France Culture : "Du jour au lendemain" par Alain Veinstein, 28-07-2000 : "L'Insecte", de Jean-Michel Iribarren, éditions du Seuil, interview

Alain Veinstein : Vous êtes né en 58 Jean-Michel Iribarren et votre éditeur nous informe que vous avez exercé divers métiers dans la politique et le cinéma, la politique et le cinéma c'est pas tout à fait la même chose...

Jean-Michel Iribarren : II y a beaucoup de gens qui disent que c'est pareil, je ne sais pas... Vous voulez que je vous dise exactement ce que j'ai fait ?...


Dites ce que vous voulez, vous êtes libre...

C'est vrai que j'ai fait beaucoup de choses... le parcours qui m'a mené a l'écriture a été long... j'ai commencé à écrire tard, à l'âge de 30 ans à peu près et je crois que ce que j'ai fait avant n'a pas franchement d'intérêt... ce qui est intéressant, c'est que tout ça menait à l'écriture, que l'écriture était déjà là même quand je n'écrivais pas, que mon meilleur ami, dont je parle dans le livre, lui, voulait écrire depuis qu'il était petit, ça a été long...


Et vous c'est une décision plus tardive ?

Ce n'a pas été une décision, c'est toujours une chose qui m'a étonné... J'ai toujours voulu, ça paraît un peu bête à dire comme ça, je ne sais pas : trouver sa place, m'exprimer dans une chose artistique, et ça a pris des chemins contournés, j'ai fait de la radio, j'ai voulu être comédien, et cette place je ne la trouvais pas... j'ai même tourné un rôle dans un moyen métrage de Jean-Luc Godard, et je crois que ça date de là, je me suis dit : c'est vraiment lui qui crée quelque chose, moi rien... alors je me suis dit qu'est-ce qu'il me reste ? il me reste écrire, alors j'ai écrit... parce que ce livre, c'est quand même pas le premier que j'ai écrit, c'est le premier publié mais c'est pas le premier que j'ai écrit.


J'allais vous poser la question

J'en ai écrit beaucoup...


Et pourquoi n'ont-ils pas été publiés... d'après vous ?

C'est très difficile que l'auteur dise ça, parce que s'il dit : c'est la faute des autres, on va dire c'est facile... je crois que le chemin qui mène de toute façon à une certaine reconnaissance, il est long et j'ai toujours dit que tout le temps que j'ai écrit sans être publié, j'avais une extraordinaire liberté, je crois que peut-être je n'aurais pas écrit L'Insecte si je n'avais pas été autant refusé, parce que j'ai vraiment été extraordinairement refusé, partout... j'ai rencontré des gens qui me disaient en substance : c'est bien ce que vous faites mais on ne va pas l'éditer ou... enfin il y avait toujours des raisons, honnêtes ou moins honnêtes, je n'en sais rien... je n'en sais rien, c'est difficile parce que maintenant je suis publié, je suis dans une maison d'éditions, alors je ne peux pas non plus cracher dans ma propre soupe, mais en même temps pourquoi pas...

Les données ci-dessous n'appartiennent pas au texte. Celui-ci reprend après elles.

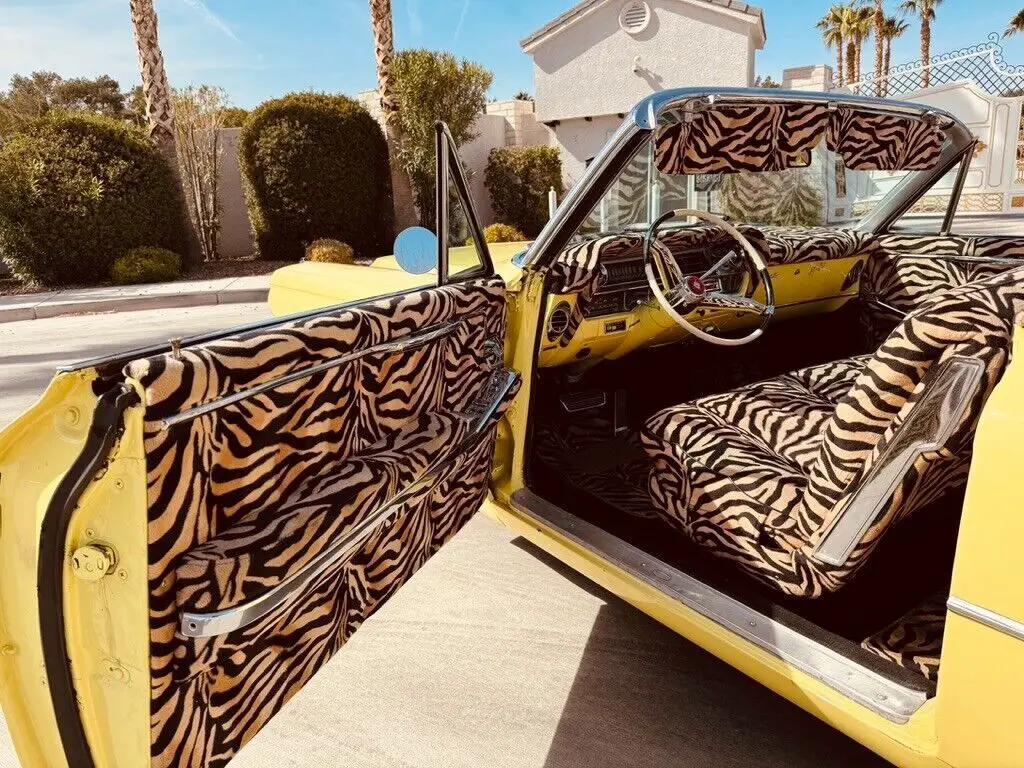 1963 cadillac convertible - scarface "creampuff" replica
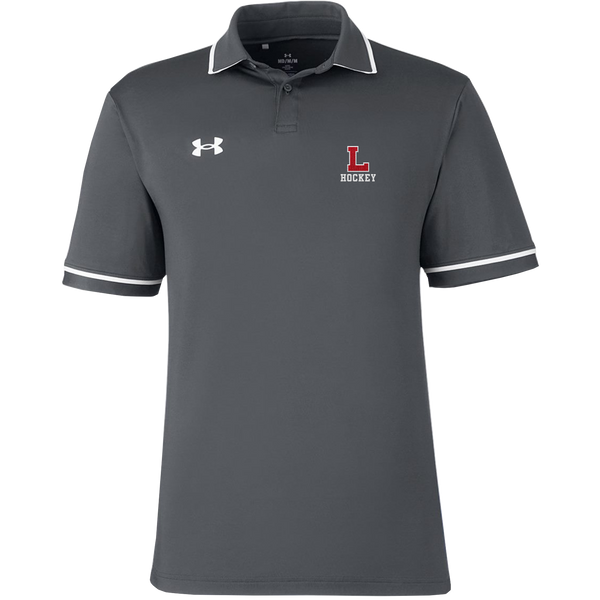 Lawrenceville Hockey UA Team Tipped Polo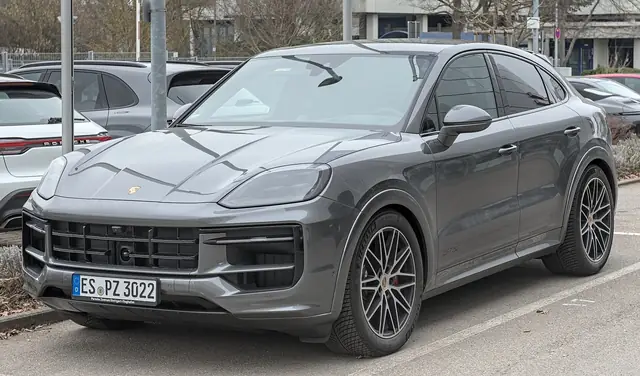 Porsche Cayenne Coupé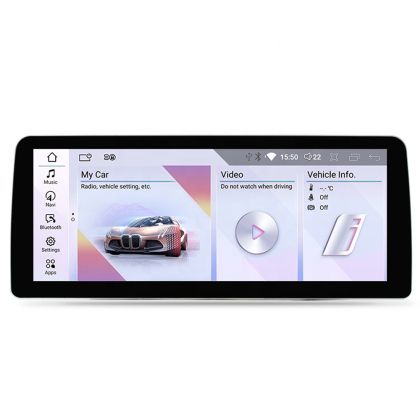Navigatie dedicata Edotec BMW Seria 6 F06 masini cu CIC Android ecran 10.25" 4+32 4G BT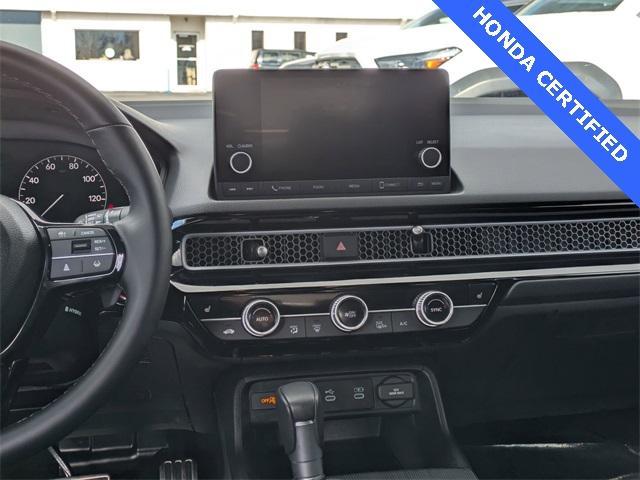 used 2025 Honda Civic Hybrid car, priced at $28,995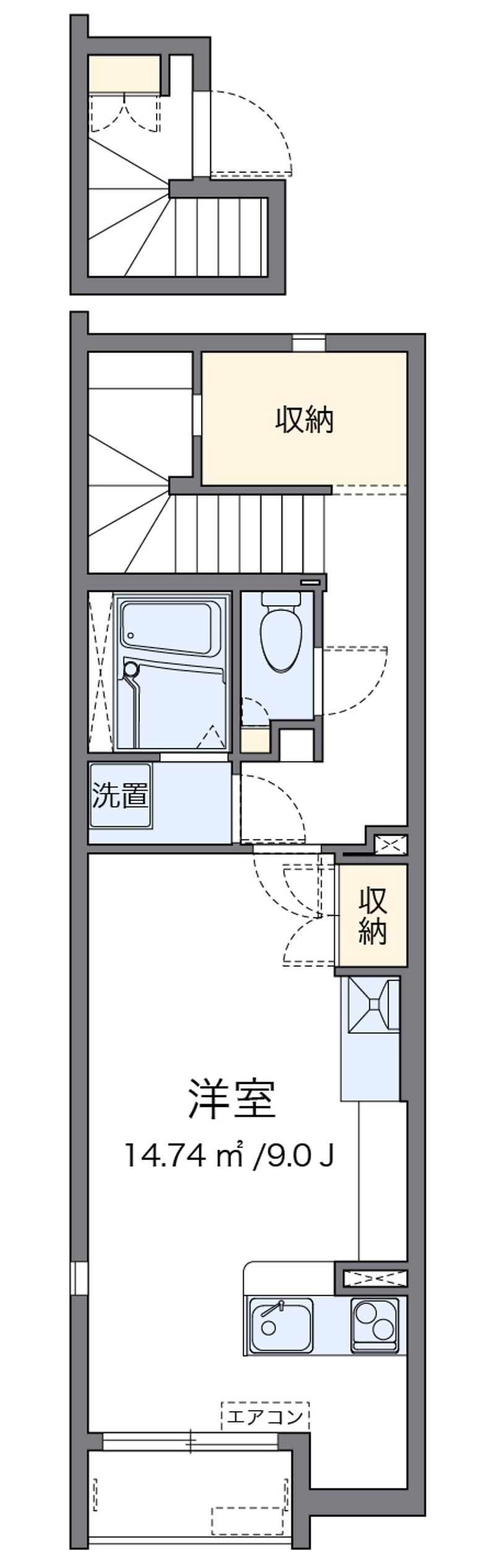 MIRANDA Falconer II Floor plan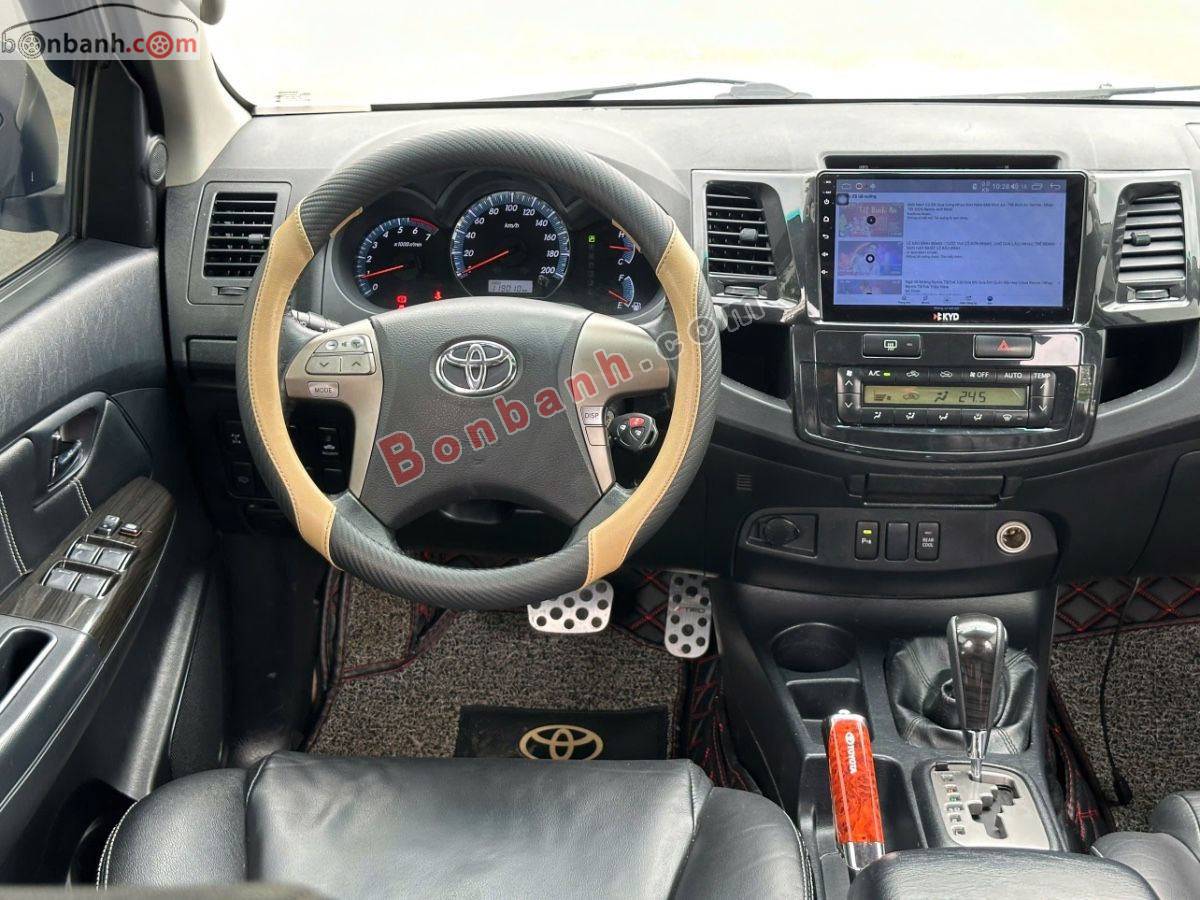 Bán ô tô Toyota Fortuner TRD Sportivo 4x4 AT - 2014 - xe cũ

Vous êtes publié mais en même temps, avec ce premier livre publié, vous faites une expérience dont vous m'avez parlé par écrit, puisque vous m'avez envoyé votre livre avec une lettre, une longue lettre, bien intéressante, vous faites l'expérience du silence, vous êtes heurté, c'est le mot que vous employez, au silence qui a accompagné la sortie de ce livre qui est sorti il y a 2-3 mois, et depuis 2-3 mois pas assez d'articles selon vous, pas assez de retentissement médiatique...


Non, il n'y a pas que ça, parce que si ce n'était que ça... On m'a dit aussi que c'était le propre de tout auteur de se heurter, quand il a écrit, à un certain silence... vraisemblablement... Mais ce livre parle du silence, et en l'écrivant, et dans ce que j'ai écrit, j'ai dit qu'il se heurterait au silence... j'avais un peu anticipé le silence parce que je croyais qu'il ne serait pas publié, alors il l'a été, et même à bras ouverts, de manière presque un peu inquiétante, et le silence c'est plutôt après, ce n'est pas un silence total, c'est un silence sournois... Ce livre je m'attendais à ce qu'il soit - peut-être naïvement, alors que ce que j'ai écrit n'est, je crois, pas naïf, mais c'est peut -être ce qui prouve que je suis encore dans la vie dans ce qu'elle peut avoir de... je ne sais pas comment dire... - donc les gens qui auraient dû soutenir ce livre ne le soutiennent pas, on me dit qu'ils ne savent pas comment en parler...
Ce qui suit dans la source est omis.